Over a basically decent man who rose to the difficult task of making America and the free world safer from terrorism after 9/11, conservatives are lining up one after another to break Ronald Reagan’s eleventh commandment: “Thou shalt not speak ill of any fellow Republican.”
What is also surprising is how contemptuous a great many people on the Right have become of neoconservatives. Indeed, prominent NeverTrumpers such as Bill Kristol and Max Boot—people who thought that Hillary Clinton and Joe Biden were better choices than Trump—certainly deserve to be treated as traitors to conservatism. But their disloyalty to the important causes does not alter the validity of neoconservatism itself, nor does it disparage the positive contributions neoconservatives have in the past made to American foreign policy and national security. Many neoconservatives, myself included, also supported Trump and voted for him twice.
Bush was indeed greatly misguided in using that moment of the 20th anniversary of 9/11 to compare the January 6 protesters to the 9/11 terrorists. But he is still right to label those protesters as extremists who stooped to the level of an angry mob. Besides the deaths and injuries on that day, the great tragedy of January 6 was that the American Right lost its innocence. The Right is supposed to respect law and order and only protest peacefully, as Trump indeed called upon them to do. But for the first time, people on the Right reduced themselves to the behavior of their enemies in Antifa. If conservatives have little problem comparing Antifa to terrorists, clearly the same can be said of any right-wing activists who use Antifa’s model.
Most important, however, is that we not lose sight of the fact that Bush was once a leader who fought hard for many conservative principles. In many ways, he also did this better than Trump. Bush saw freedom as a distinctly human value, not a distinctly American one. While there is indeed something good in Trump’s “America First” approach, it still fails to acknowledge the common threats to liberty and freedom faced by all western civilization.

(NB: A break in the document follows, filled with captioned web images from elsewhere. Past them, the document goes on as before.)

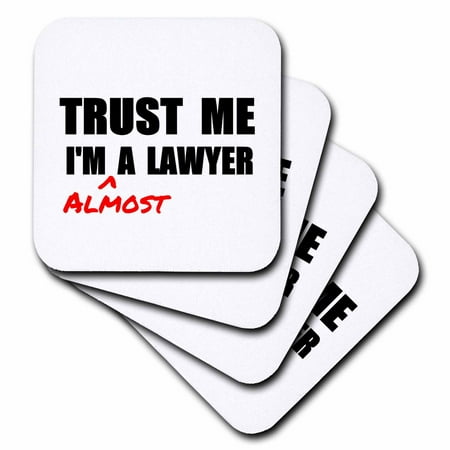 

3dRose Trust me Im almost a Lawyer - fun Law humor - funny student gift Soft Coasters set of 4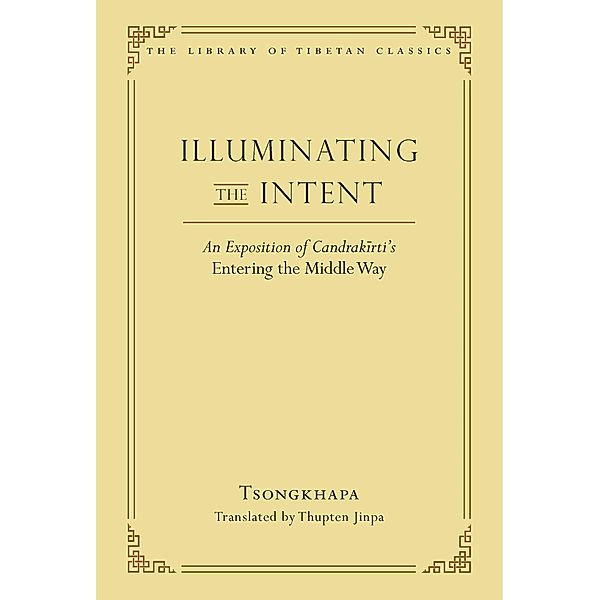 Illuminating the Intent, Thupten Jinpa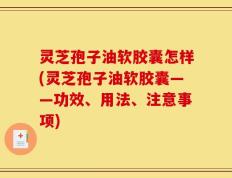 灵芝孢子油软胶囊怎样(灵芝孢子油软胶囊——功效、用法、注意事项)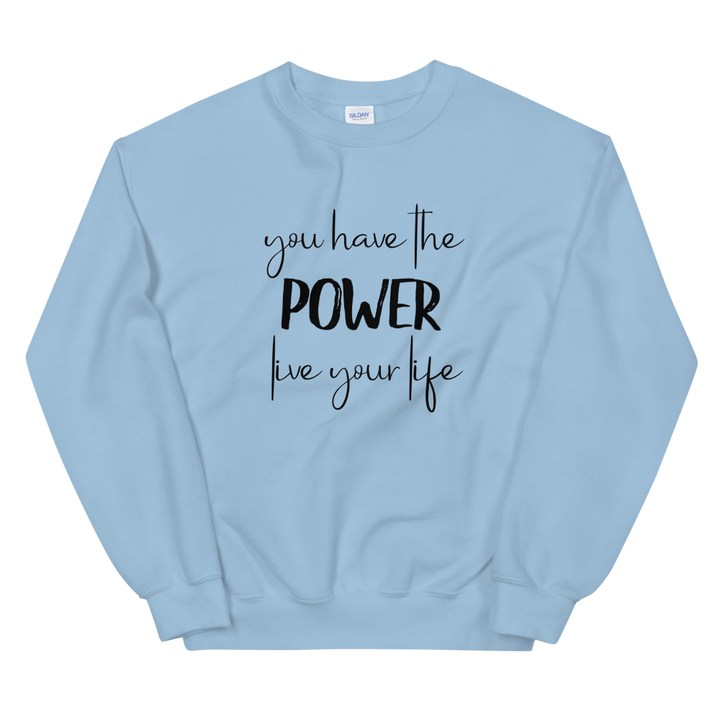 Unisex Heavy Blend Crewneck Sweatshirt (You Have the POWER, Live Your Life)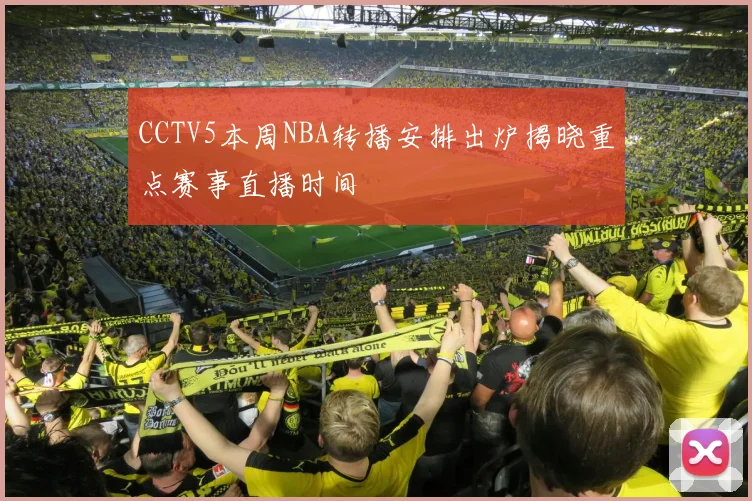 CCTV5本周NBA转播安排出炉揭晓重点赛事直播时间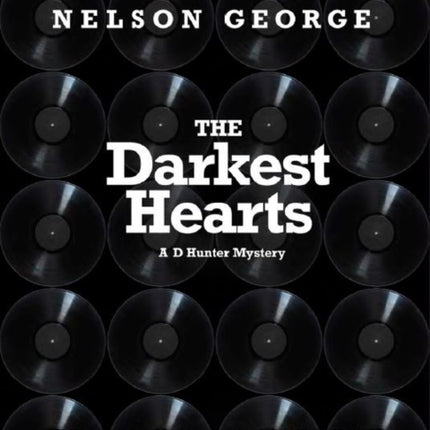 The Darkest Hearts: A D Hunter Mystery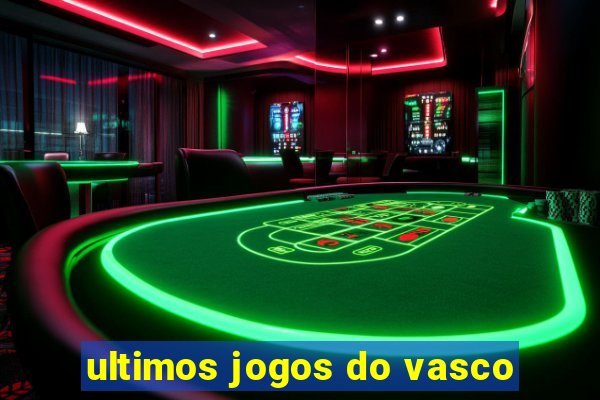 ultimos jogos do vasco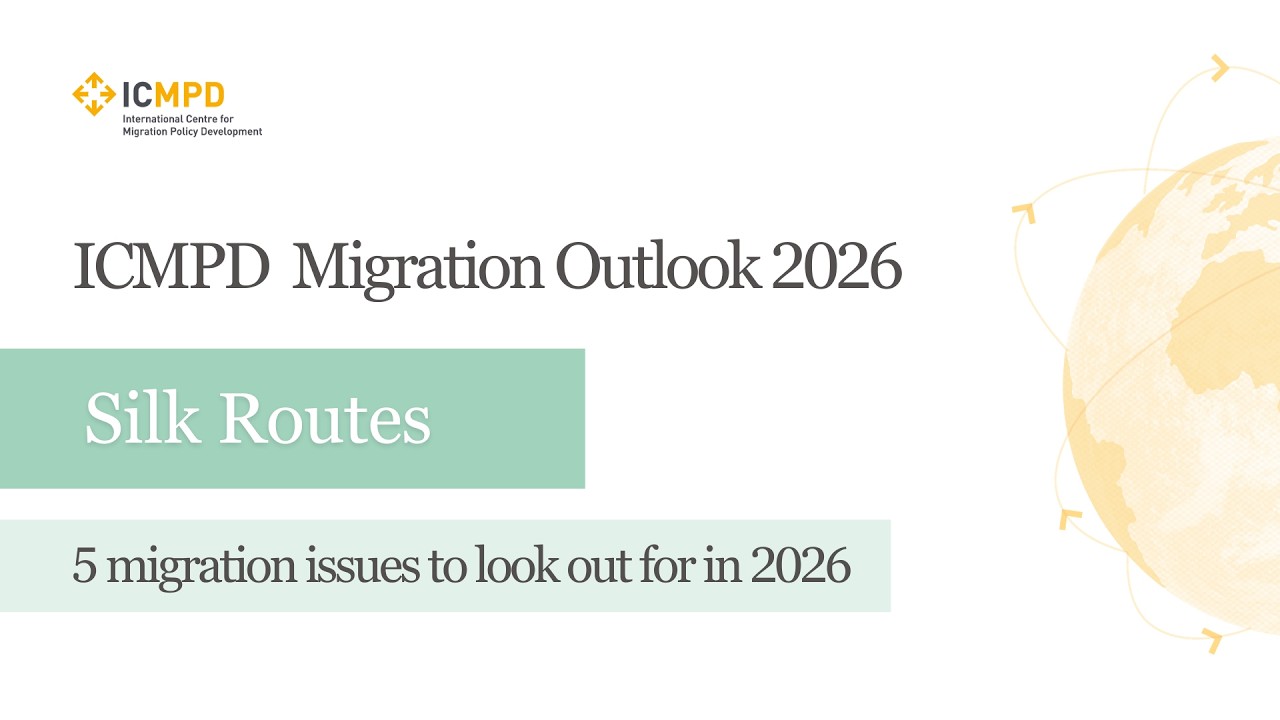 ICMPD Migration Outlook Silk Routes 2026 | ICMPD
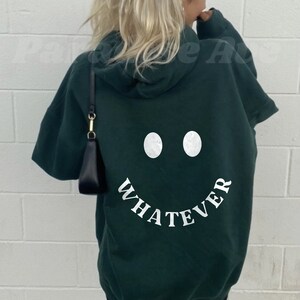 Whatever Smiley Face Hoodie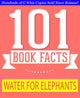 Gwhizbooks.com – Wasser für Elefanten – 101 erstaunliche Fakten, die Sie noch nicht kannten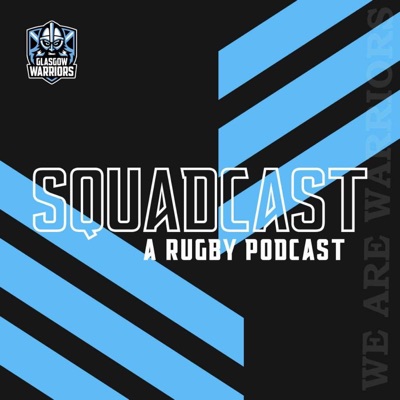 The Squadcast | A Rugby Podcast with Glasgow Warriors The Squadcast | A Rugby Podcast with Glasgow Warriors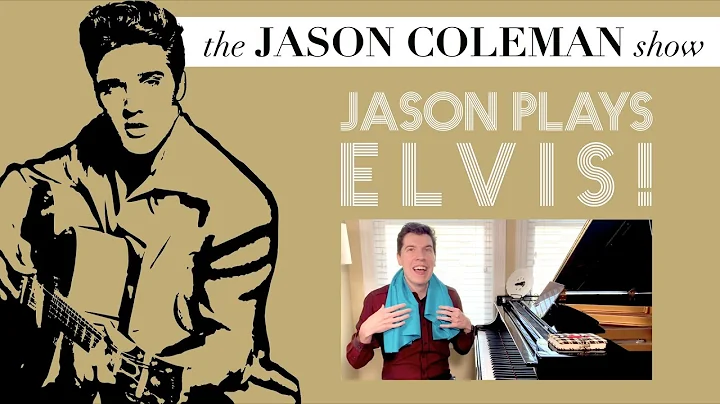Jason Plays Elvis! - The Jason Coleman Show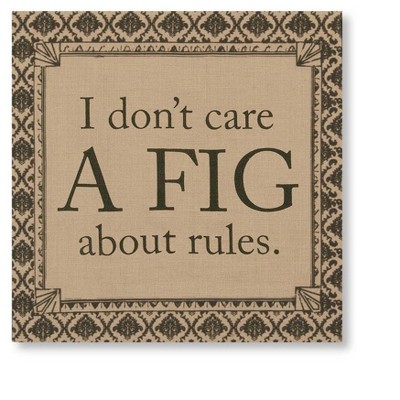 Heritage Lace 14.5" Downton Abbey Life "Don't Care a Fig About Rules" British Decorative Damask Hanging Wall Art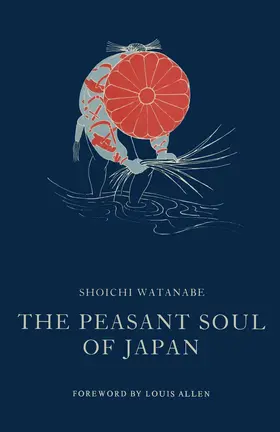 Allen / Watanabe |  The Peasant Soul of Japan | Buch |  Sack Fachmedien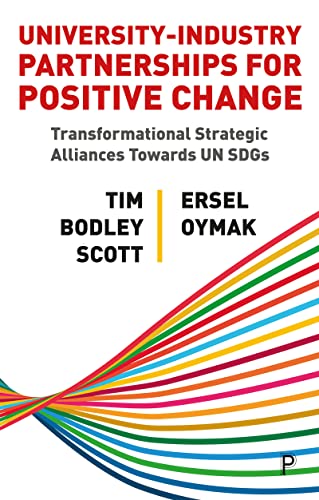 University–Industry Partnerships for Positive Change: Transformational Strategic Alliances Towards UN SDGs von Policy Press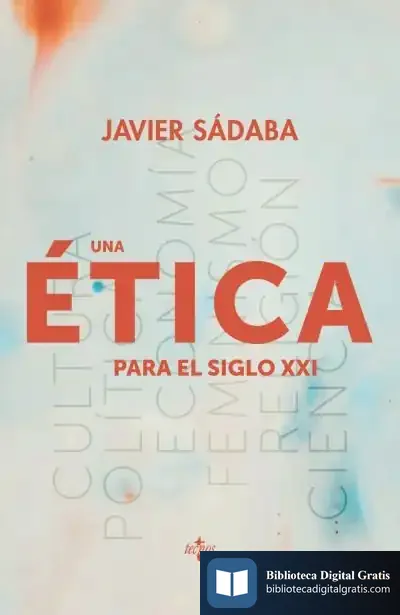 Descargar Una Ética Para El Siglo Xxi
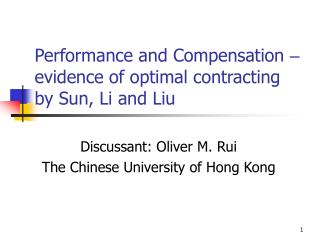 Performance and Compensation – evidence of optimal contracting by Sun, Li and Liu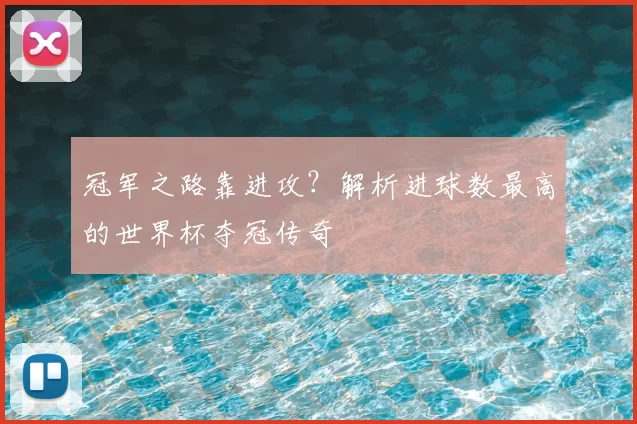 冠军之路靠进攻？解析进球数最高的世界杯夺冠传奇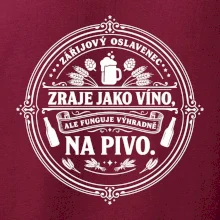 Zraje jako víno, fuguje na pivo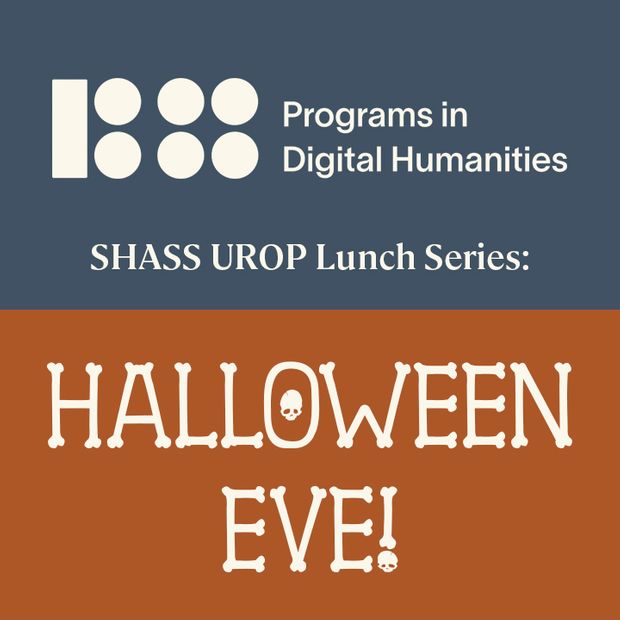 SHASS UROP Lunch Series - Halloween Eve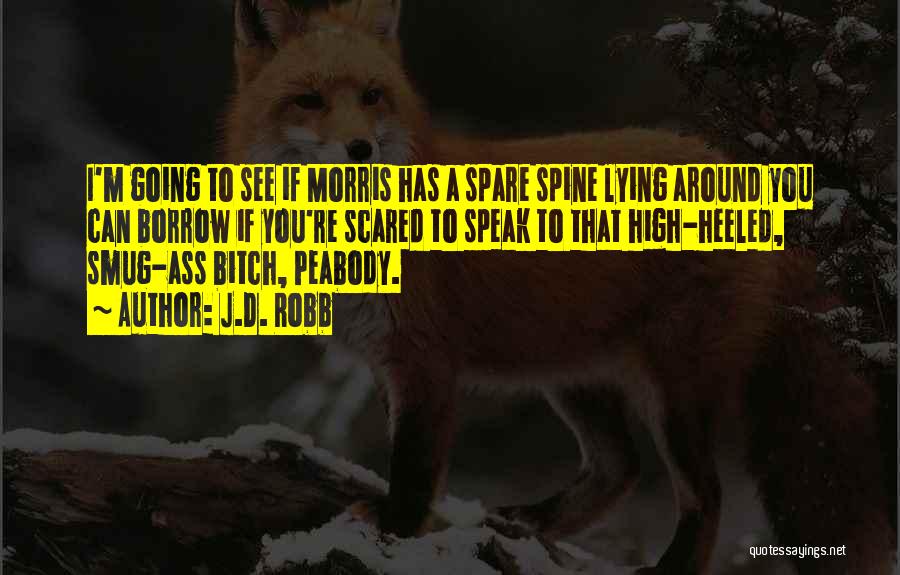 J.D. Robb Quotes: I'm Going To See If Morris Has A Spare Spine Lying Around You Can Borrow If You're Scared To Speak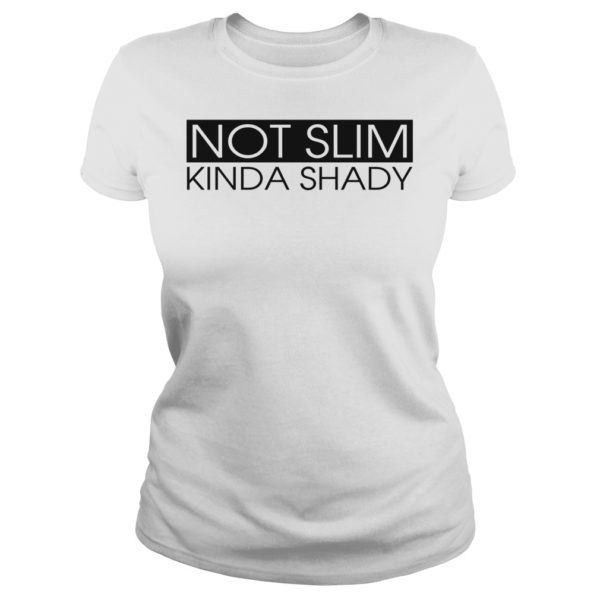 Not Slim Kinda Shady Ladies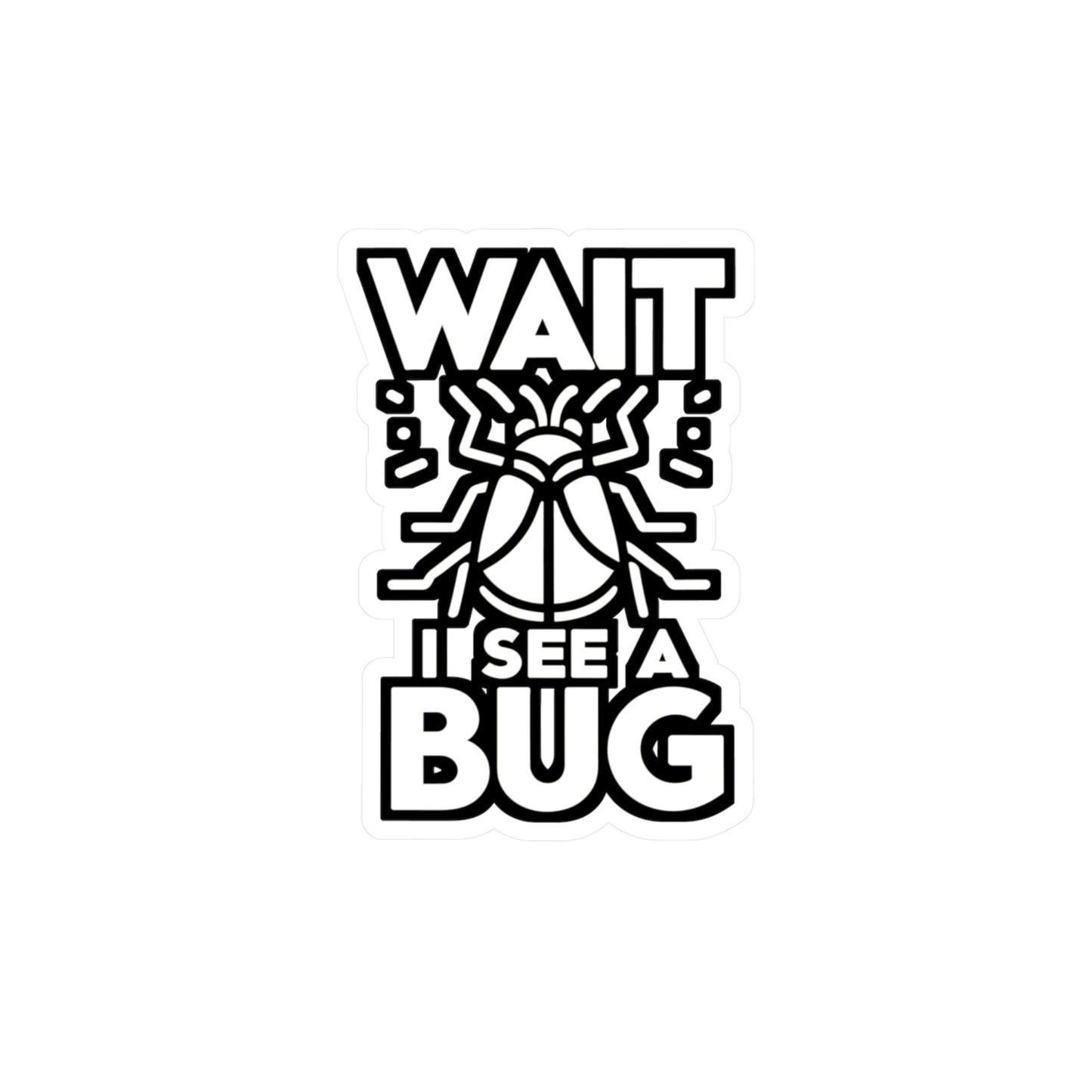 Wait I See A Bug - Entomology Sticker for Laptop Sticker. Water Bottle Sticker, Vinyl Pin Decal - Entomology Gift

Bush wanted the free world to band together and destroy the evil forces that seek to kill and enslave us and our allies. He stood up courageously before the world and said, “Either you’re with us or you’re with the terrorists.” He knew that the fight would be a long-lasting challenge but urged us to be resilient and conduct the fight for as long as it takes. That day, conservatives across America applauded our president. Today, far too many of them are maligning him as a warmonger and a card-carrying member of the ruling elite.
Instead of demonizing our former Republican leader, we need to recognize the real demons.